I carried that same mindset into 20.5, which subsequently ended up feeling almost equally satisfying. I could have gotten frustrated over my current lack of RMU; instead, I chose to savor the unusual privilege of being able to precisely tailor an Open workout to showcase exactly what I CAN do — and how well I can do it. The rowing/wallball workout of 2019 had been my lifetime best Open finish, and I knew exactly what I ‘should’ be able to do with those two movements. So I made an aggressive plan, executed it confidently, and walked away from another one-and-done workout — proud of my fast tiebreak time AND of my peaceful clarity that there was absolutely nothing I could have done any better.
It feels good to see myself maturing as an athlete — progressively internalizing the concepts of self-reliance and running my own race.
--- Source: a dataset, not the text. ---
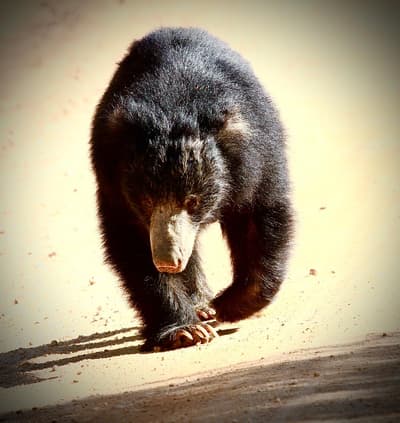 Sloth Bear, cute but dangerous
And yet — another of my very favorite realizations from this Open is that there are also some POSITIVE shades of gray within the ‘comparison’ mental game. As above, “just because SHE can do that doesn’t necessarily mean that I can.” But also… “if SHE can do that, then someday, I probably COULD.” I’m not sure exactly when my mindset shifted on this (and I definitely still have my moments!) — but this is the first Open where I’ve noticed myself feeling genuinely MOTIVATED by the performances of the top Masters women. Somewhere along the way, I stopped looking at those athletes and automatically assuming their accomplishments were beyond my reach. Rather than being intimidating, those scores feel inspiring now — like a window into what’s possible for ME.
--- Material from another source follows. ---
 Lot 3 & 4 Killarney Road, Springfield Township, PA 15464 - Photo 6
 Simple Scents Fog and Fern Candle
Even cooler, though, is that I’m genuinely JUST as excited for the tens of thousands of baby steps that exist between here and there. Wherever ‘there’ is, I don’t WANT to be ‘there’ yet — because I’m too excited for all the good stuff I get to experience before then. Doing all this ‘testing’ has reinforced how much I genuinely love the WORKING; this is still exactly what I would want to get up and do every day even if there were no such thing as Qualifiers. It’s fun to see improved numbers and realize that all this work might actually be leading somewhere — that I’m inching closer to some potentially big things one day… but what a luxury just to be ABLE to do this, to have the time and the resources and the desire and the drive. What a privilege to have a healthy, strong body that allows effort for effort’s sake.
And I also know that if I do eventually reach a point where the competitive stakes are higher, that I’ll be nostalgic for THIS time — for the learning and growing that’s happening right NOW.
So my biggest takeaway from the 2020 Open is… that I don’t want to be anywhere except right where I am.
I’m savoring the feeling of knowing I have both plenty of time, AND plenty of potential.